I'm a fourth-year undergraduate currently studying a master's degree. In the last couple of weeks, I have been wondering about the interaction of the Noetherian condition with the prime ideals of a commutative ring with $1$.
While working on a result I found, I came across the following condition for an ideal $\mathfrak{b}$ organically:
Every ascending chain of ideals $(\mathfrak{b}_i)_I$ converging upwards (or leading upwards) to the ideal $\mathfrak{b}$ stabilises. $(*)$
where the italicised terms are my own coinage, meaning that $(\mathfrak{b}_i)_I$ is an ascending chain of ideals* and $\bigcup_I \mathfrak{b}_i = \mathfrak{b}$, which it is also convenient to denote by $\mathfrak{b}_i \uparrow \mathfrak{b}$.
It is clear that $\mathfrak{b}$ finitely generated implies $(*)$. However, I am not sure about the converse.
Question: if $\mathfrak{b}$ satisfies $(*)$, is $\mathfrak{b}$ finitely generated? (AC allowed.)
There is an "obvious" proof to attempt.

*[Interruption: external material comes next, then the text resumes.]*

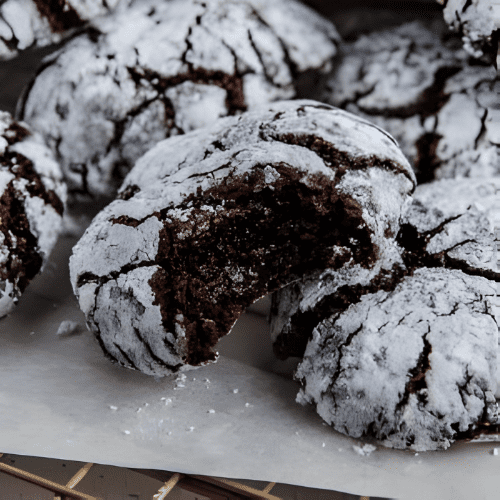 Sourdough Crinkle Cookies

Suppose not, and let $\mathfrak{b}$ have generating set $\{r_j\}_J$ with $J$ infinite. Then, let $(J_i)$ be a chain of subsets (with respect to inclusion) converging to $J$, and set:
$$\mathfrak{b}_i = \langle J_i \rangle$$
However, this runs into two possible issues. Firstly, not every ideal has a minimal generating set, so it is not clear from this idea alone that the ascending chain does not stabilise. Secondly, if $J$ is uncountable, even with the well-ordering principle, it is not clear (to me, at least) how to construct the $(J_i)$ adequately. Nevertheless, it is perhaps helpful to note that any counterexample $\mathfrak{b}$ cannot be countably generated, and it must not have a minimal generating set.
Overall, I am quite unsure about whether or not $(*)$ implies finite generation. The only other remark that I can make is that I know that the jump between finite and uncountable is not unprecedented (cardinalities of power sets, dimensions of Banach spaces, etc.), so I'm not sure that even what I've found is an effective heuristic for intuition.
Thank you for reading.
Edit: for this question, $(\mathfrak{b}_i)_I$ is an ascending chain of ideals whenever $I$ is a total order and $i \le j \implies \mathfrak{b}_i \subseteq \mathfrak{b}_j$. We say that it stabilises if there exists some $i$ such that $\mathfrak{b} = \mathfrak{b}_i$.